Memoir: there’s nothing like a shared near-death experience to bring you closer to the neighbours
I work from home, which is a semi-detached Edwardian off Queen West. When my family leaves in the morning, I settle into my office and rarely consider the people who live on the other side of the wall—our neighbours. Mario and Theresa are an elderly Portuguese couple, kindly and retired (I’ve changed their names to protect their privacy). We live in mirror images of each other’s homes—shadows in each other’s lives.
In the summer, they sit on the porch, side by side in plastic lawn chairs, and we all smile and try to hack through the language barrier with talk of our kids, their grandkids and the dangerously overhanging tree we all live beneath. In the winter, the chairs go in, and so do they. Weeks can go by during which we don’t see them, though their grown children pull up most Sundays, and then we smell the mysterious scents of Theresa’s cooking.
The day we almost died together, I had been wasting time on Twitter, a new preoccupation for me. I’m a bad social networker. I have a family and a work life, and I sometimes feel that under the weight of one more demand, I’ll simply disintegrate—poof. So I committed Facebook suicide. But I was surprised to find that I enjoy Twitter. I appreciate the brevity, the water cooler atmosphere of clever gags and plugs for things to read and look at, curated by people I admire. It’s what I wanted Facebook to be, and without vacation photos.
On this Wednesday afternoon, I had to stop staring at my Twitter feed when I was overtaken by a need to sleep as forceful as a surge in a mosh pit. I never nap in the day, but around two o’clock, I curled up on my bed and fell straight to sleep. I awoke maybe a half-hour later to a faint beeping, then fell deeply asleep again, then reawoke. The smoke alarm, I deduced. The goddamn smoke alarm that goes off if we sauté.
I made it down the stairs and groggily climbed onto a chair to reach the device. I pulled out the battery and stood looking at it in one hand, the alarm in the other, marvelling at the fact that it was still beeping.
I don’t know how long I stood there trying to make sense of the battery-free beeping, but at some point I realized the sound was coming from a carbon monoxide detector in the living room. I’d plugged it in eight years earlier, during a fit of panicked, pregnant nesting. I distrusted the smoke detector because of its frequent beeping, and now I dismissed the carbon monoxide detector for the opposite reason: it never went off. I pulled it out of the wall.
But as I dragged myself up the stairs to bed, wondering when we got all those extra steps, something occurred to me: I felt really weird. My thoughts had big, roomy spaces between them. My head hurt. My stomach hurt. And then my fuzzy brain tossed up the old news reports that had prompted me to get the detector in the first place: carbon monoxide poisoning is how families die in their sleep.
I grabbed my cellphone and opened the front door wide. I dropped onto the front step and called 911: “I think there’s carbon monoxide in my house.”
The fire truck appeared within minutes, filling our narrow street. One of the neighbourhood’s new moms stopped, and her baby stared from its stroller as a fireman took a chair from our porch and settled me on the sidewalk.
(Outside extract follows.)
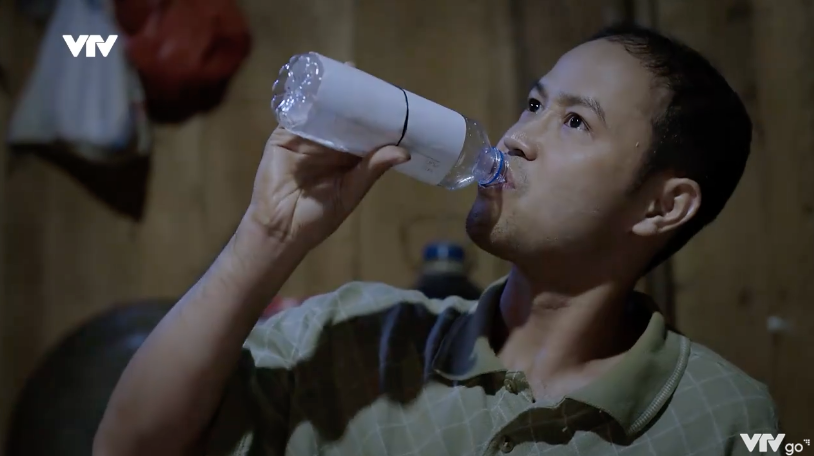 Cuộc chiến kh&ocirc;ng giới tuyến - Tập 8: Cắm chốt bảo vệ Phương, Trung su&yacute;t bị &aacute;m hại - Ảnh 5.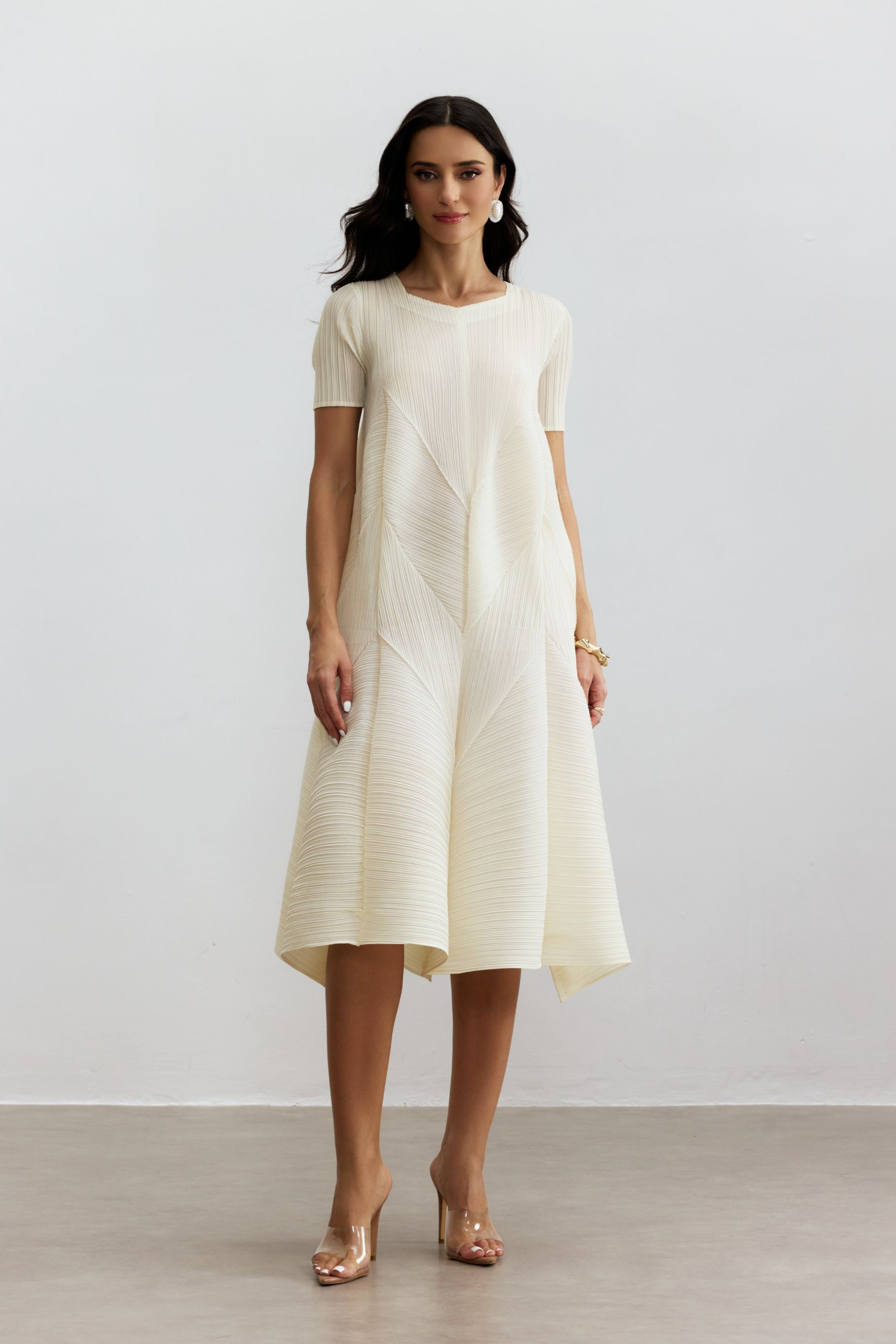 Kirstyn Short Sleeve Textured Midi Dress-purelyfable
“My neighbours—” I said, and suddenly I felt like crying. The firemen banged on their front door. No answer. I didn’t know what Mario and Theresa did all day, but what if they were sleeping too deeply to be roused?
I ran through a list of things I knew about them: they’d come to Canada from the Azores over 40 years ago and raised three kids in this house. We always knew the warm weather was official when their garden suddenly bloomed plastic green frogs that our children loved. But at the end of the previous summer, the frogs weren’t taken in, and the Christmas lights never came on. There had been an illness in the house, of indeterminate variety, communicated across the shared path to our doors on the rare days when they came outside. Every casual “How are you?” was now met with their clearest English: “Not good.”
Still, we proceeded as usual. At Christmas, two cards for the kids appeared in our mail slot, with a few bills carefully folded inside. We dropped off cookies. We told ourselves that they were okay because we could hear their TV. God knows what they heard of us over the years: screaming children, occasionally screaming adults. Late night dinner parties and renovations. They never complained.
On our block, change moves in one direction. House by house, the Portuguese and Polish couples who settled in half a century ago leave for the suburbs or the old-age home, or what comes after. People like them are replaced by people like us, busy, distracted, fumbling neighbours.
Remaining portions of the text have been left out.